Many Irish annals state that Brian was in his 88th year when he fell in the Battle of Clontarf in 1014. If true, this would mean that he was born as early as 926 or 927. Other birth dates given in retrospect are 923 or 942.
Brian was born at Kincora, Killaloe, a town in the region of Tuadmumu. Brian's posthumous cognomen "Bóruma" (anglicised as Boru) may have referred to "Béal Bóruma", a fort north of Killaloe, where the Dál Cais held sway. Another explanation, though possibly a late (re-)interpretation, is that the nickname represented Old Irish bóruma "of the cattle tribute", referring to his capacity as a powerful overlord.
When their father died, the kingship of Tuadmumu passed to Brian's older brother, Mathgamain, and, when Mathgamain was killed in 976, Brian replaced him. Subsequently he became the King of the entire kingdom of Munster.
Situation of his tribe, the Dál gCais Brian belonged to the Dál gCais (or Dalcassians), a newly styled kin group of ultimately Déisi origin who occupied a territory north of the Shannon Estuary, which today would incorporate a substantial part of County Clare and then formed the core of the new kingdom of Thomond. In earlier times their ancestors had controlled some lands in today's County Limerick as well, but these had been overrun by the Uí Fidgenti from the 9th century and the invading Norse in the 10th.

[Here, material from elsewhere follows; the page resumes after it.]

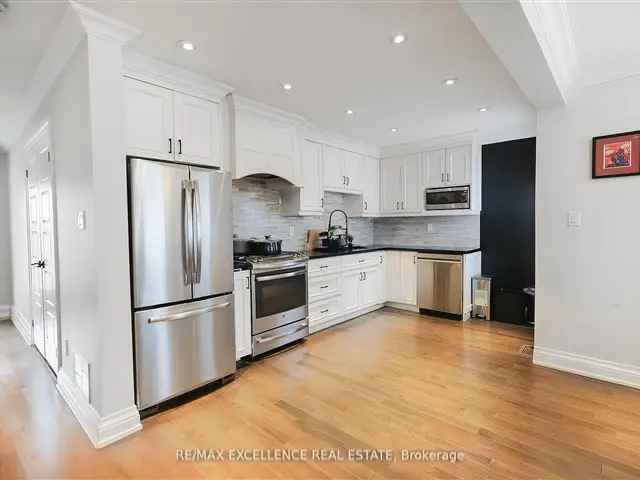 House For Sale in Vaughan, Ontario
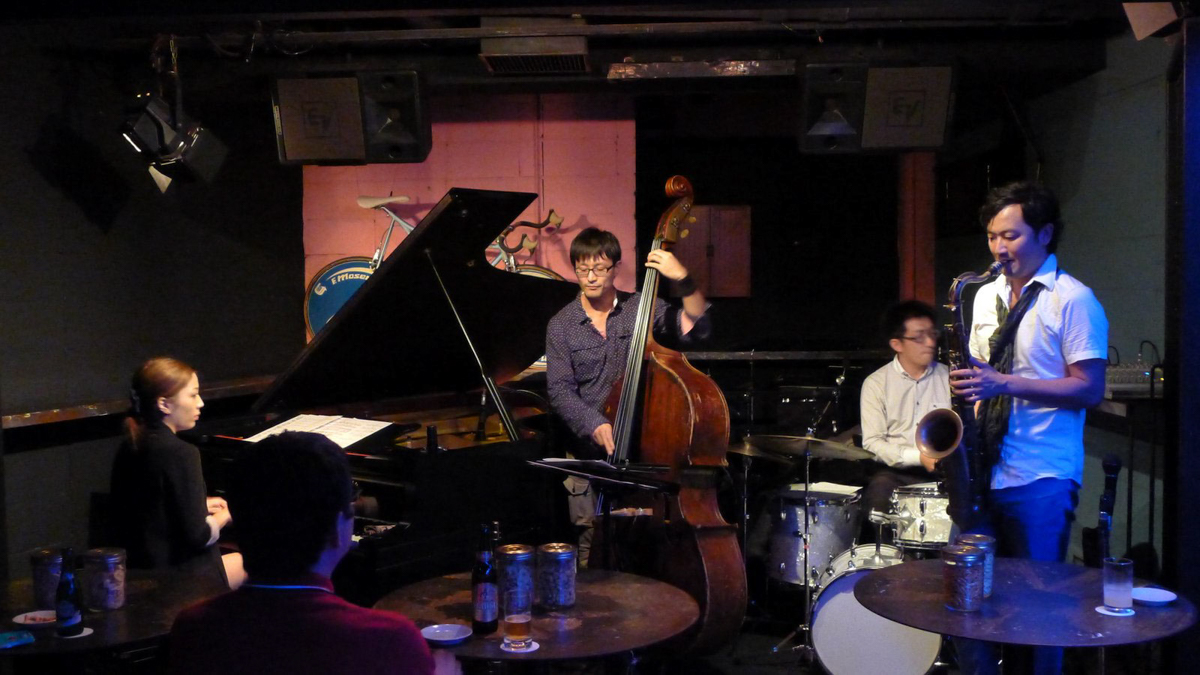 Figure 25: Wataru Hamasaki (sax) Quartet with Akane Matsumoto (piano), Koji Yasuda (bass), and Tomoyuki Okabe (drums) at Salt Peanuts in September 2012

The River Shannon served as an easy route by which raids could be made against the provinces of Connacht and Meath. Both Brian's father, Cennétig mac Lorcáin and his older brother Mathgamain conducted river-borne raids, in which the young Brian would undoubtedly have participated. This was probably the root of his appreciation for naval forces in his later career. Thus an important influence upon the Dalcassians was the presence of the Hiberno-Norse city of Limerick on anisthmus around which the Shannon River winds (known today as King's Island or the Island Field). The Norse had made many a raid themselves from the Shannon, and the Dalcassians likely benefited from some interaction with them, from which they would have been exposed to innovations such as superior weapons and ship design, all factors that may have contributed to their growing power.
Reign of his brother, MathgamainIn 964, Brian's older brother, Mathgamain, claimed control over the entire province of Munster by capturing the Rock of Cashel, capital of the ancient Eóganachta, the hereditary overlords or High Kings of Munster, but who in dynastic strife and with multiple assassinations had weakened themselves to the point they were now impotent. Earlier attacks from both the Uí Néill and Vikings were also factors. This situation allowed the illegitimate (from the Eóganacht perspective) but militarized Dál Cais to attempt to seize the provincial kingship. However, Mathgamain was never fully recognized and was opposed throughout his career in the 960s and 970s byMáel Muad mac Brain, a semi-outsider from the Cashel perspective but still a legitimate Eóganacht claimant from far south Munster. In addition to Máel Muad, the Norse king Ivar of Limerick was a threat and may have been attempting to establish some overlordship in the province or a region of it himself, with the Cogad Gaedel re Gallaib even asserting he actually achieved this until routed by Mathgamain in the celebrated Battle of Sulcoit in 967. This victory was not decisive however and eventually there grew up a brief alliance of sorts between Mathgamain, Máel Muad and others to drive the Norse "soldiers" or "officials" out of Munster and destroy their Limerick fortress in 972. But the two Gaelic claimants were soon back to fighting and the fortuitous capture of Mathgamain in 976 by Donnubán mac Cathail allowed him to be effortlessly dispatched or murdered by Máel Muad, who would now rule as king of Cashel for two years.
But the Dál Cais remained a powerful force and Brian quickly proved to be as fine a commander of armies as his brother. After first dispatching the already much weakened Ivar in 977, he challenged Máel Muad in 978 and defeated him in the fateful Battle of Belach Lechta, after which all the Eóganachta were no longer viable at the provincial level and Brian and the Dál Cais now enjoyed the overlordship, although not the traditional kingship of the province, which was based on lineage. Either soon before or soon after his victory over Máel Muad, Brian routed Donnubán and the remainder of the Norse army in the Battle of Cathair Cuan, there probably slaying the last of Ivar's sons and successor Aralt. He then allowed some of the Norse to remain in their settlement, but they were wealthy and now central to trade in the region, with a fleet of great value.
Cian, the son of his brother Mathgamain's sworn enemy Máel Muad, later became a loyal ally of Brian and served under him in a number of campaigns.